The highest value perk currently comes from M&S Bank which offers £185 over the course of a year thanks to a £125 switching giftcard and a £5 monthly top up.
Other perks of the account include a £100 fee-free overdraft and M&S reward points for spending. You get one point per £1 spent on the card in stores.
Its overdraft charges are relatively low at 15.9 AER per cent with no monthly fees or charges for unauthorised borrowing.
The account requires a £1,000 monthly deposit and two direct debits.
First Direct’s First Account is a top pick because of its highly-rated customer service.
But it also has the benefit of a tempting switching carrot currently. It you move to the bank it offers either free tech (including Bose speakers or a Fitbit fitness watch), £150 in Expedia vouchers or a BlueMountain online course.
First Direct also offers the largest interest-free overdraft on the market at £250. Amounts higher than that cost 15.9 per cent EAR.
Watch out for unauthorised borrowing though as this comes with eye-watering fees of £5 per day (capped at £80 per month).

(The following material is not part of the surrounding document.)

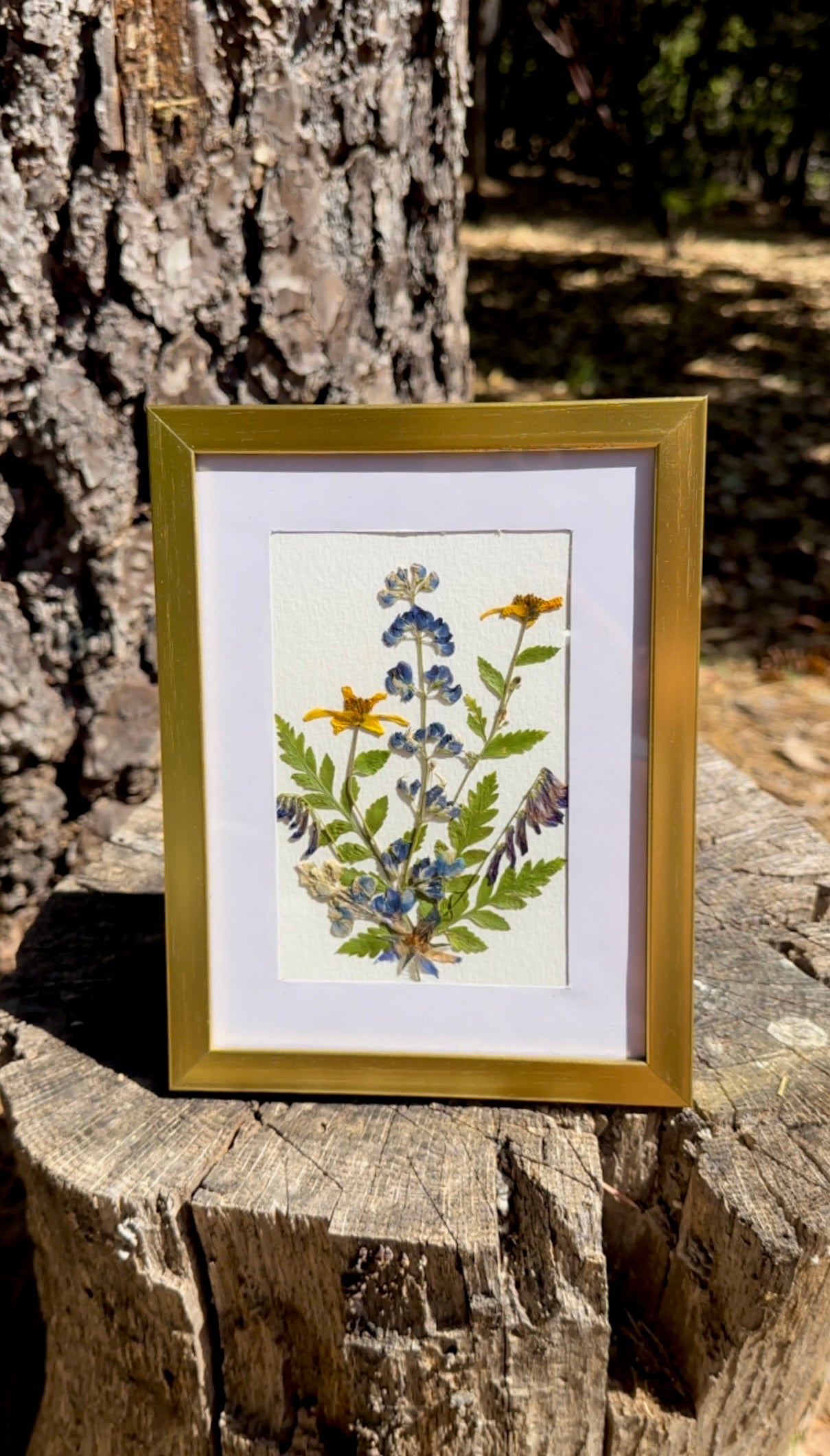 Pressed Wildflower Art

The best alternative for those who prefer cold hard cash is Barclays thanks to its current double-up promotion or Blue Rewards.
The feature costs £3 per month, but you get the following back:
- £7 per month for maintaining two direct debits
- £5 for a Barclays mortgage
- £3 for Barclays home insurance
- £1 for a Barclays personal loan
These are all doubled in the first year though and offer up to £384. The bank’s insurance and loans are likely not the best deals out there though even for the boosted cashback.
But if you fulfill just the minimum direct debit requirement you could still earn £132 for the account in a year after fees.
Watch out for the overdraft fees though. There is a £15 buffer, after that anything below £1,000 cost 75p per day, up to £2,000 costs £1.50 per day and anything beyond that costs £3 per day.